Se c’è un problema che Piero Zuccaro tenta costantemente di risolvere nella sua pittura è il continuo superamento del centro, l’ostinato volgersi della mano verso un nucleo pittorico che frena l’immagine entro il perimetro quasi; prestabilito. Un problema forse, o ancor di più un’esigenza avvertita dall’artista che soffre dell’idea di “dover” completare il quadro. La contrapposizione si condensa nell’accumulo di materia, nel movimento centripeto che tende ad ammassare le pennellate, i colori, i tratti e le idee in uno spazio carico di energia, stracolmo, che tende inesorabilmente all’asplosione, al distacco, alla conquista di un territorio altro. é una pittura sofferta, raggrumata, che tradisce una sovrabbondanza di emozioni e suggestioni che sono ancora tutte legate alla natura, ai paesaggi, ai fiori, ai giardini. Pietro Zuccaro frequenta l’Istituto d’arte e poi l’Accademia di Belle Arti di Catania, ma in definitiva ciò che ritiene più significativa per il suo percorso pittorico è l’esperienza nella scuola di danza di Donatella Capraro. La costanza, l’impegno severo nelle prove, l’assiduo provare e riprovare gli stessi movimenti sono i principi che Zuccaro ha trasferito nel suo fare arte. Non ama passare da un tema ad un altro e si ostina a ripercorrere le stesse atmosfere per raggiungere il massimo di identificazione e di analisi.
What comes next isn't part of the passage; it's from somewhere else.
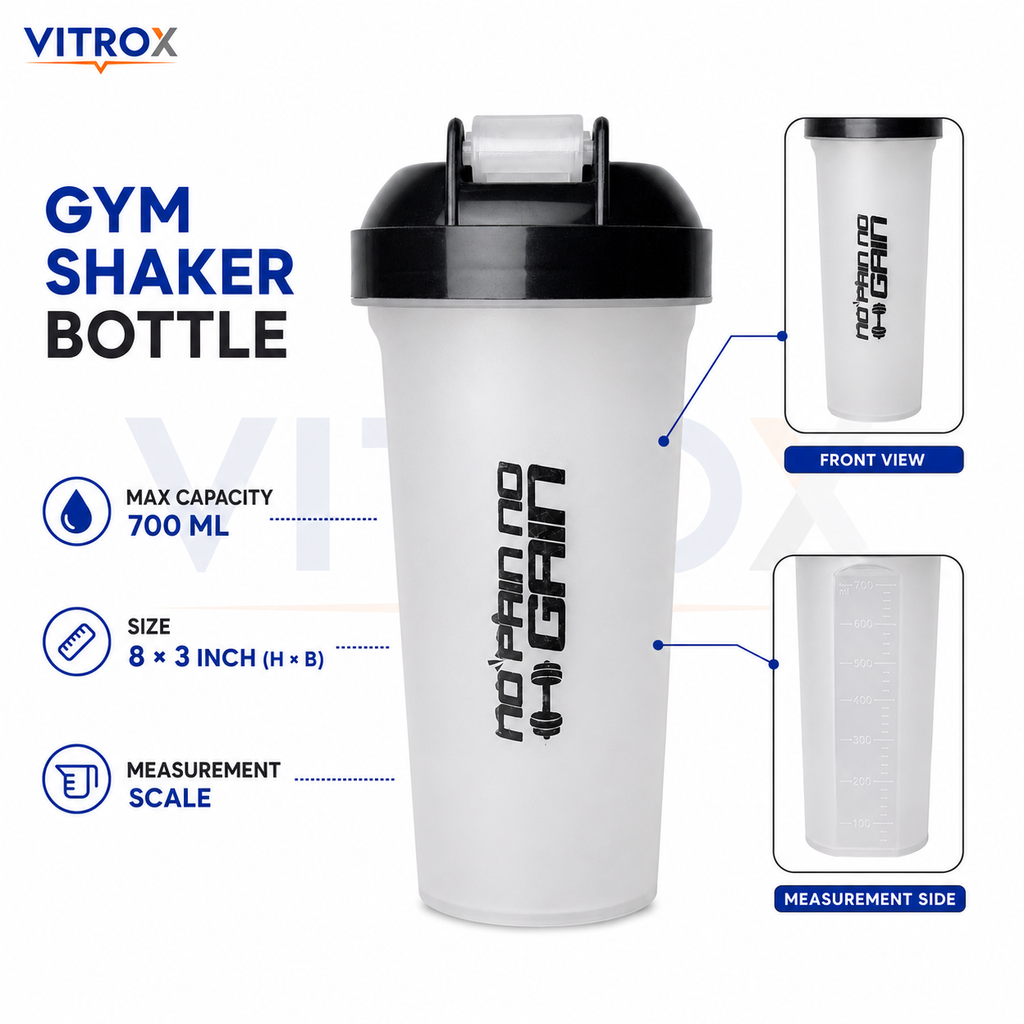 Vitrox 700 ML Gym Shaker Bottle with Mixing Accessory – Flip-Top Protein Shaker with Measurement Scale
Morlotti e Forgioli sono i suoi maestri, e Sarnari che lo ha seguito durante gli anni passati in Accademia e dopo. Le citazioni di Zuccaro sono evidentissime:  di Morlotti ama quell’informale nascente che si esprime più direttamente nelle opere della seconda metà degli anni cinquanta, soprattutto in quei paesaggi nei quali più chiaramente si attuava il dissolvimento della figura nelle trame spesse del colore.

Di Forgioli, il giovane Zuccaro tenta le tonalità più delicate, quelle che lui stesso definisce “mentali”: i rosa, i violetti, i verdi smeraldo il giallo ocra sono i colori delle sensazioni rispetto a un paesaggio o ad un fiore. Sono i colori che mirano all’astrazione del dato più puramente naturalistico per approdare al paesaggio in cui albergano i dati sensoriali dello sguardo, dell’olfatto, dell’udito. E la natura si commenta da se, non nel silenzio di un’atmosfera rarefatta, ma nel caos delle pulsioni che suscita ed alimenta.